Comprendete? Sulla scena Margherita muore di amore; le solite frequentatrici del Sannazzaro, belle giovinette, eleganti signore, abbonate della prima dispari, non piangono e non pensano: tutt’al più discutono il valore artistico della Marini e spiegano se Armando deve essere biondo come Ceresa o bruno come Pasta. Ma le fanciulle borghesi rimangono pensose; la notte forse non dormono, peggio, forse sognano; l’indomani hanno il disgusto della loro vita prosaica e senza dramma — e negli angoli solitarii, a mezza voce nella penombra, raccontano alle loro amiche la storia di Margherita.

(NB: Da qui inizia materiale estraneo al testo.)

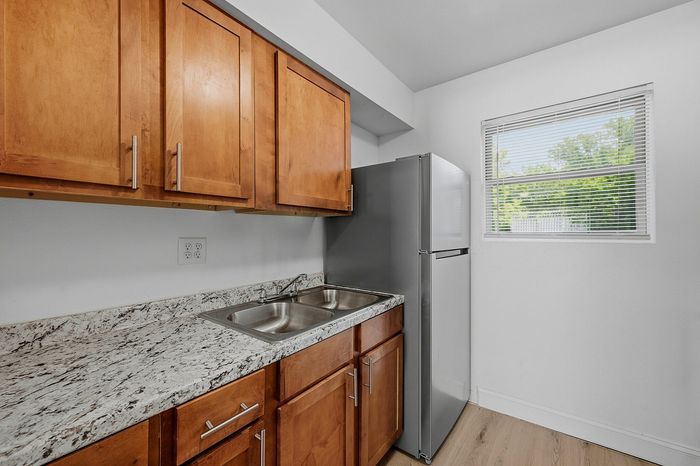 Kitchen with granite-look countertops, stainless sink, and wood cabinetry at The Crawford at Denison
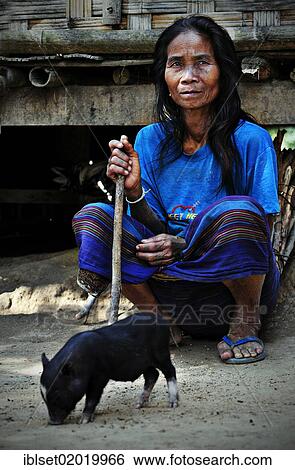 "Old woman with a stick sitting in front of a bamboo hut, small piglet standing in front of her, in a village on the Mekong River, Laos, Southeast Asia, Asia" View Large Photo Image Stock Photograph - "Old woman with a stick sitting in front of a bamboo hut, small piglet standing in front of her, in a village on the Mekong River, Laos, Southeast Asia, Asia". Fotosearch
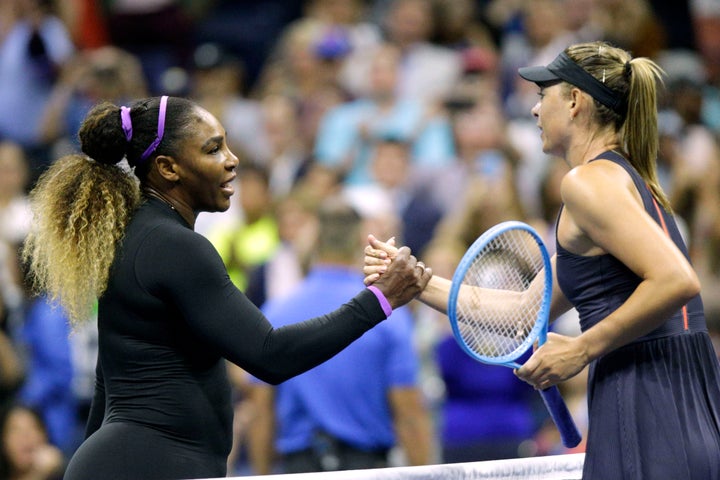 TOPSHOT - Maria Sharapova (R) of Russia shake hands after losing against Serena Williams of the United Sates during their Round 1 women's Singles match at the 2019 US Open at the USTA Billie Jean King National Tennis Center in New York on August 26, 2019. (Photo by Kena Betancur / AFP) (Photo credit should read KENA BETANCUR/AFP/Getty Images)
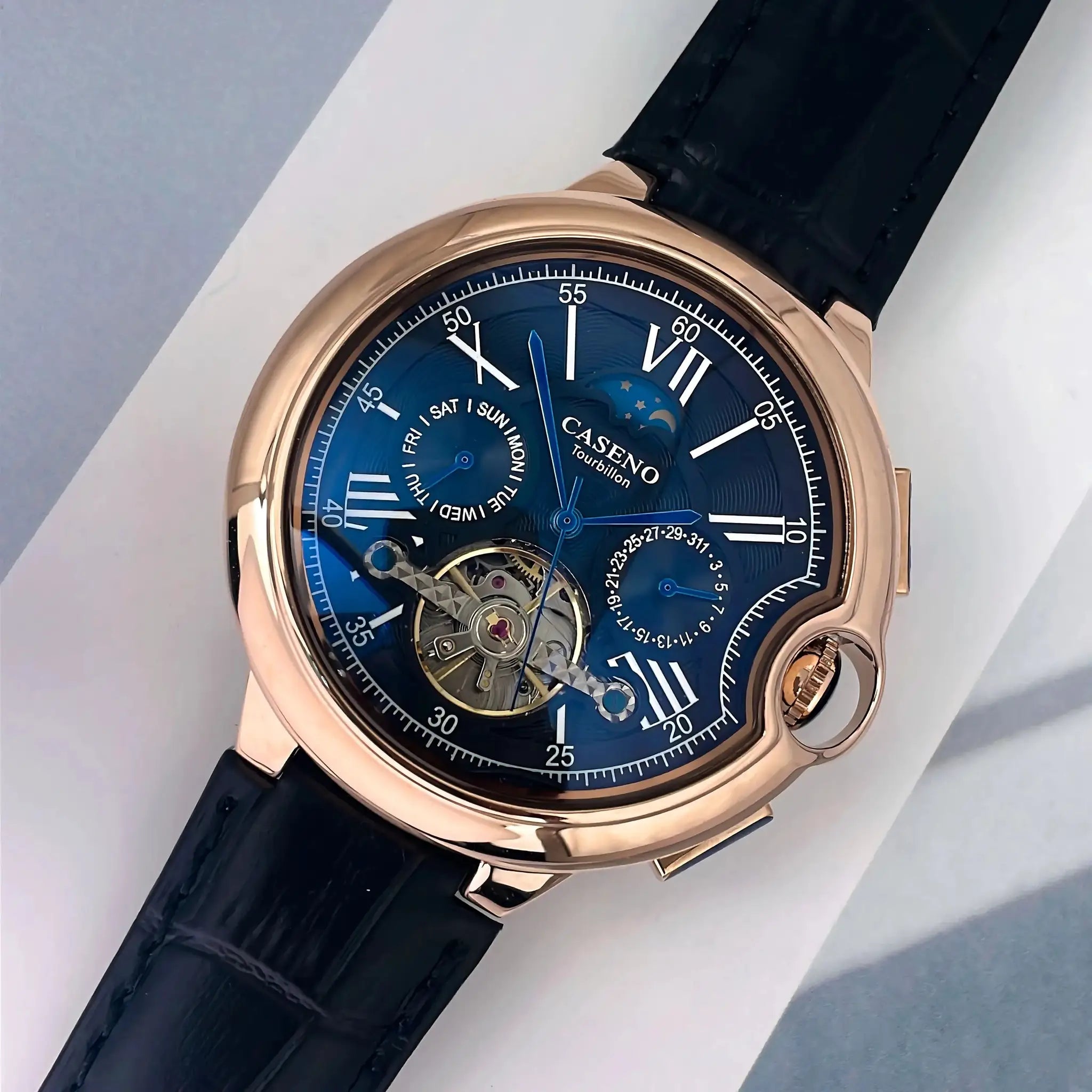 CASENO Star Roman Grand men's fully automatic tourbillon watch, rose-gold case, blue dial, black strap.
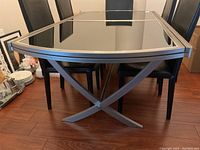 Full view of the dining table set showing chrome trestle base and smoked glass top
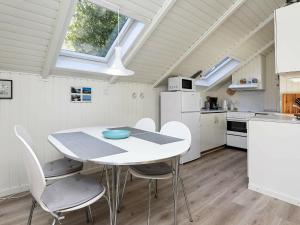 a kitchen and dining room with a table and chairs at 6 person holiday home in L s in Læsø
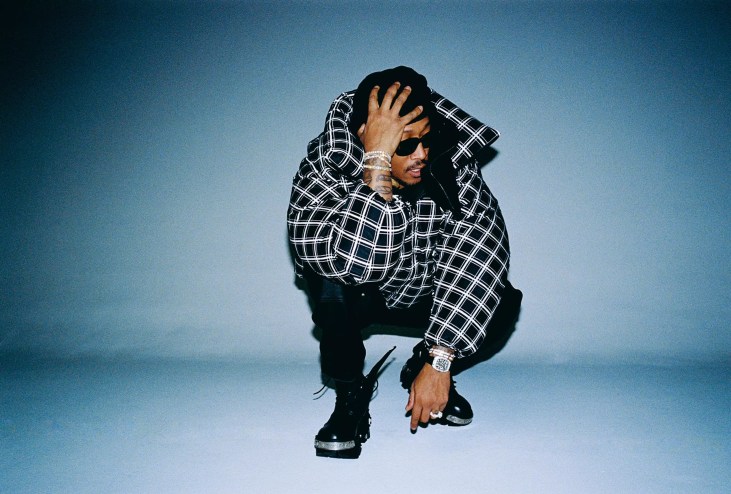 man crouched holding his head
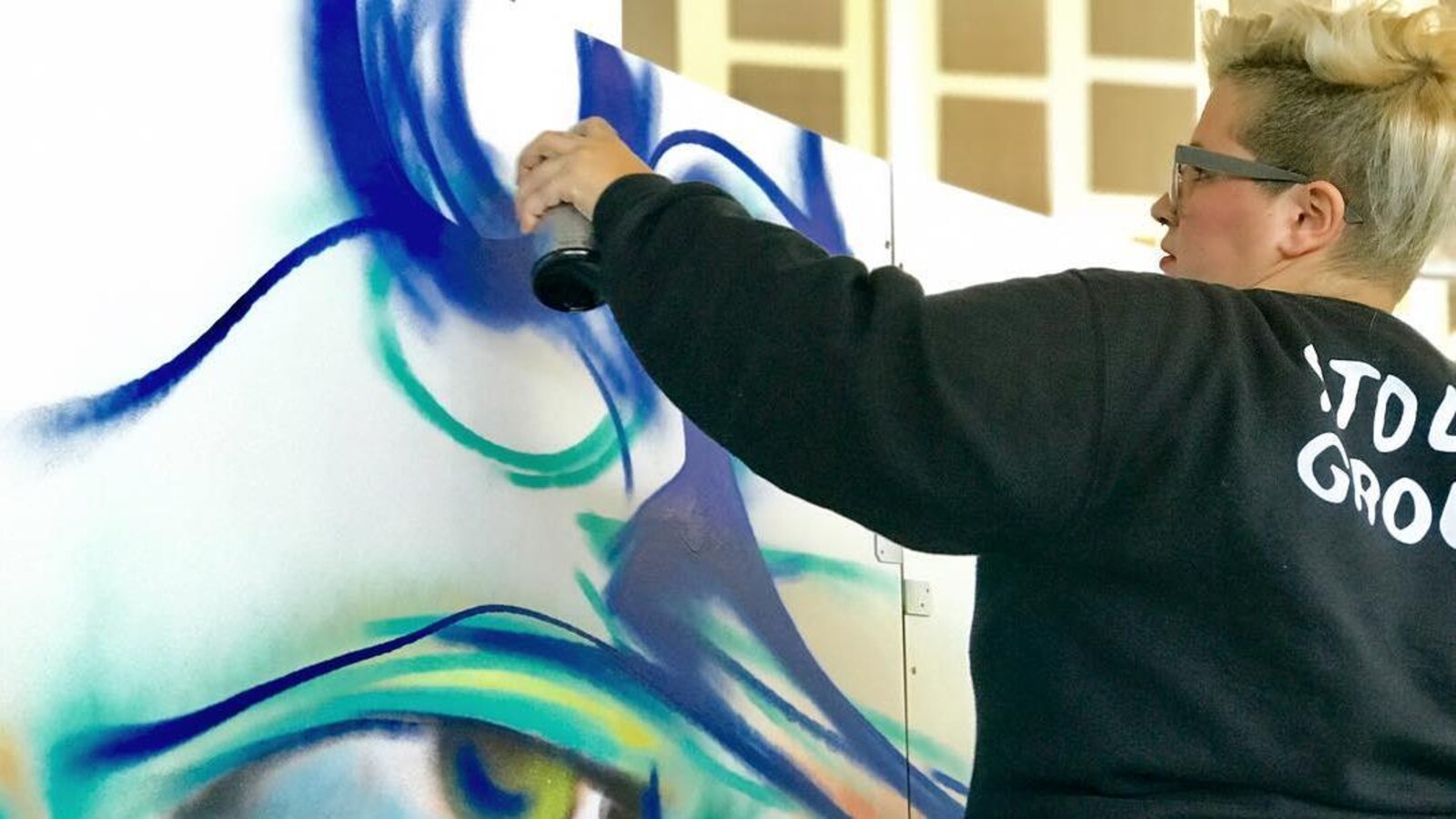 L'artiste Michelle Mique en train de peindre une murale.
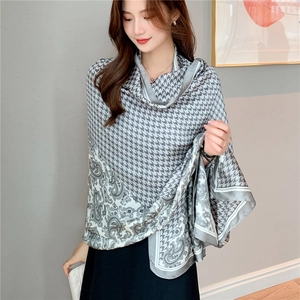Elegant houndstooth and paisley silk-feel long scarf worn by a model in soft lighting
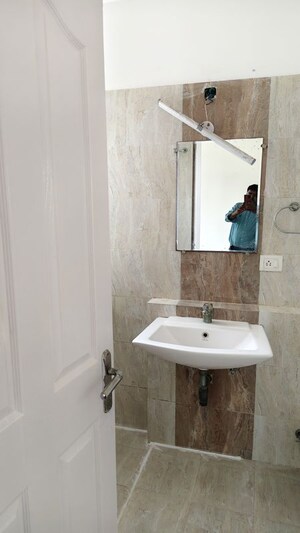 Bathroom in 2 BHK Apartment at Great Value Sharanam, Sector 107 – for Rent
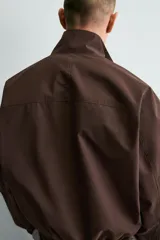 Cazadora técnica de corte boxy fit en color marrón, con cuello subido, cierre frontal de cremallera, bolsillos laterales y uno frontal con cierre, y acabados elásticos en puños y ruedo.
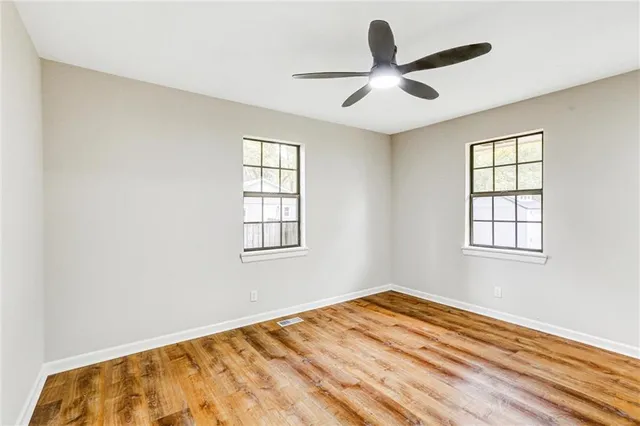 a view of a livingroom with a ceiling fan and window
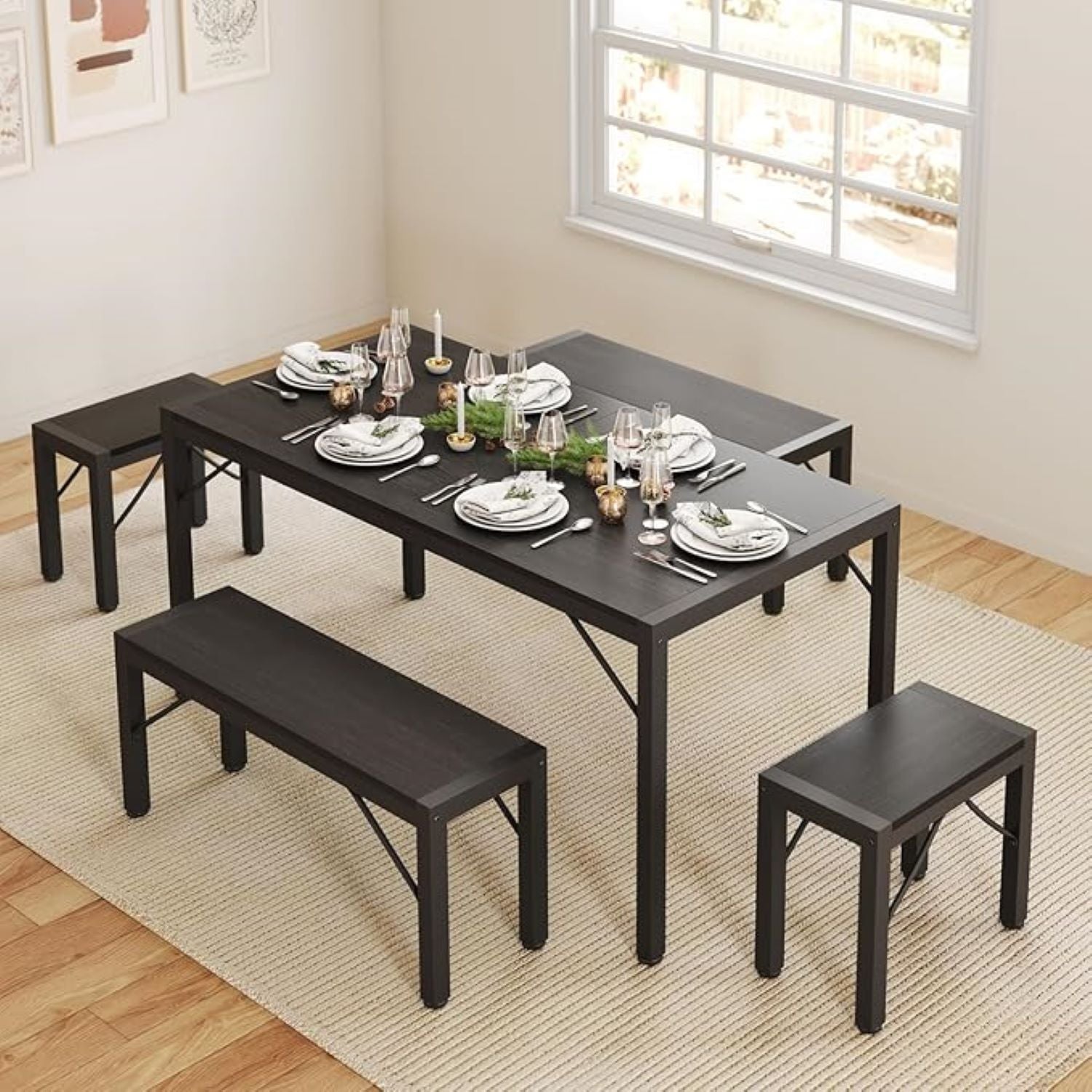Black dining table set with benches in a room with a window.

Ebbene, sarebbe stato meglio per voi, o buone e stupide fanciulle, di non essere andate a questo teatro. Voi non aspetta il dramma dell’amore, voi non saprete mai di quella passione che fa più vittime di ogni più crudele epidemia: i placidi mariti, la drogheria, l’oreficeria, i figliuoli, la casa nulla richieggono di questi gridi strazianti. Io non so perchè vi hanno condotte a questo teatro, io non so perchè vi hanno fatto intravedere un mondo, che non sarà mai il vostro; meglio per voi passare la serata attorno ad un tavolino, sotto la lampada a petrolio, lavorando l’uncinetto e guardando il fidanzato. Meglio sul terrazzo mentre la luna scintilla, l’organino suona da lontano e i garofani olezzano; meglio a vespro, quando il predicatore spiega le gioie del paradiso. Se per un istante è stata turbata la pace della vostra ignoranza, se un solo lampo vi ha illuminato un paesaggio sconfinato, se avete sofferto un sol minuto, se v’è entrato nell’anima un desiderio ignoto, se avete intuito quanto non sarà mai vostro, se vi è noto un rimpianto, allora quel vostro palco che sembrava una festa, è stata invece una crudeltà.